## WORK INSTRUCTIONS:
An exact copy of the listing below is needed, with no pictures in it.

## DATASET EXTRACT:
=== Begin Enclosure ===
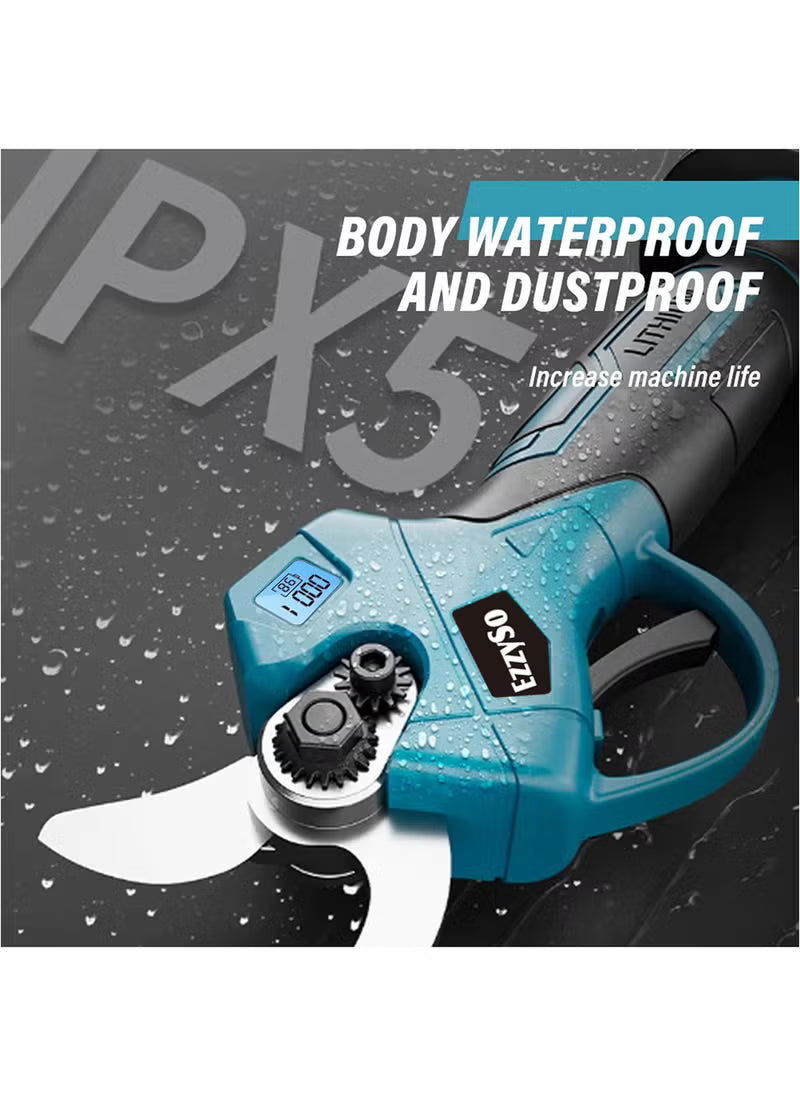 21V Electric Pruning Shears with 2 Batteries, Charger & Blades – Cuts Up to 30MM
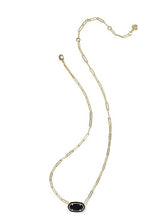 Load image into Gallery viewer, Kendra Scott-Elisa Enamel Frame Gold Paperclip Necklace in Black Agate 9608880363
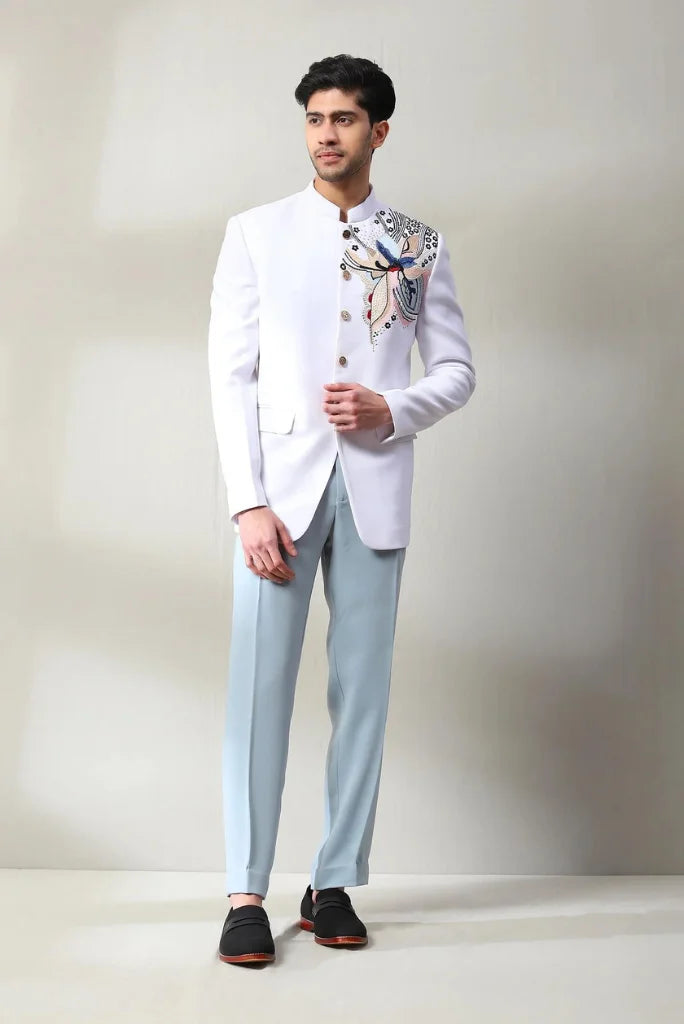 Men's White Embroidered Jodhpuri Suit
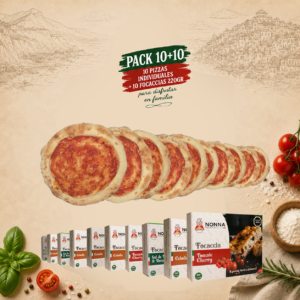 Pack 10 Pizzas Individuales + 10 Focaccias Pequeñas ( 220gr Aprox )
=== End Enclosure ===
## SOLUTION TO THE EXERCISE:
 21V Electric Pruning Shears with 2 Batteries, Charger & Blades – Cuts Up to 30MM
 Load image into Gallery viewer, Kendra Scott-Elisa Enamel Frame Gold Paperclip Necklace in Black Agate 9608880363
 Men's White Embroidered Jodhpuri Suit
 Pack 10 Pizzas Individuales + 10 Focaccias Pequeñas ( 220gr Aprox )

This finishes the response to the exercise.